Locke scowled. “Right…”
“Dude, you are too levelheaded, too good, and too right for Titan to mess this up. Grab some water. Some beef jerky. Some coffee. Settle in, and get some perspective.”
***
Three hours later, Loc
ke had finished watching every C-Span-recorded congressional hearing, each subcommittee discussion that never made its way onto the twenty-four-hour news-cycle highlights that were boiled down even further by the time they’d reached him in Iraq.
Locke had reviewed—skimmed, to be honest—every article, report, and questionably classified document that Parker had forced down his throat. The stack of papers had been thick but intense.
Nothing on his opinion of Cassidy Noble had changed. She still shouldn’t have been an embedded reporter. She shouldn’t have been assigned to interview his commanding officer, Michael Draven, as if their elite Special Forces unit were some spectacle for the viewing public at home. Locke distrusted her from the get-go, and Cassidy still had reported on things that should never have been reported in public.

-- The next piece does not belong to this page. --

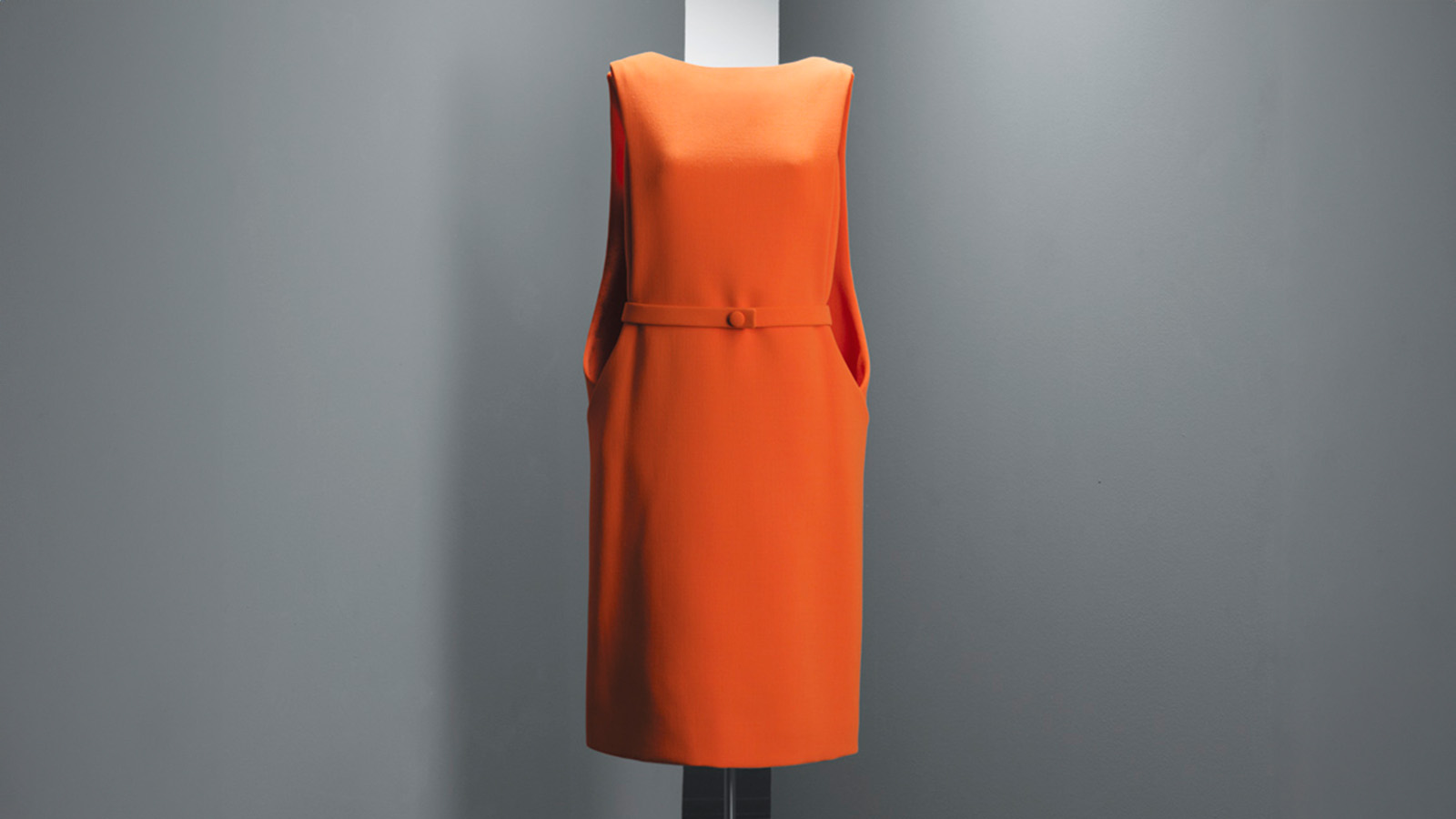 Abito da giorno in crêpe di lana arancione, lunghezza al ginocchio, con scollo a girocollo a maniche corte. Parigi, intorno al 1968 © Cristobal Balenciaga Museoa Abito da giorno in crêpe di lana arancione, lunghezza al ginocchio, con scollo a girocollo a maniche corte. Parigi, intorno al 1968 © Cristobal Balenciaga Museoa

But… that crazy redhead was feisty as all hell. He’d forgotten about that. There were downtimes on base when they had nothing to do and she dicked around with them. The first couple of weeks she was there, he saw her walking around with a red spray paint can. He never asked her why. The place sucked, and maybe she was getting high off the fumes. He didn’t know, didn’t care. But he started to notice the occasional red paint marks in the shitters. The bright-red marks stood out against the wood walls of the permanent dividers and in the green ones of the port-o-potties.
He wasn’t the only one who had noticed the attractive redhead show up—but some decided to broadcast their thoughts in vulgarities on the bathroom wall. She calmly covered them up in true Cassidy fashion, in bright-red spray paint, in a style that said, Fuck you; I see you, but I am taking you down. She made her point without saying a word.
Though, damn—she had a way with words, and watching her battle politicians during hearings was fierce, just like the way she took on other reporters when she appeared on news panels. Those times reminded him of when she had gone head-to-head with soldiers. Locke rubbed his face and leaned back in his chair. That was probably why she was sent to Iraq—to bust people’s balls.
His phone buzzed with a text message.
BISHOP: Where you at? Gym, range, or beers later? Your pick.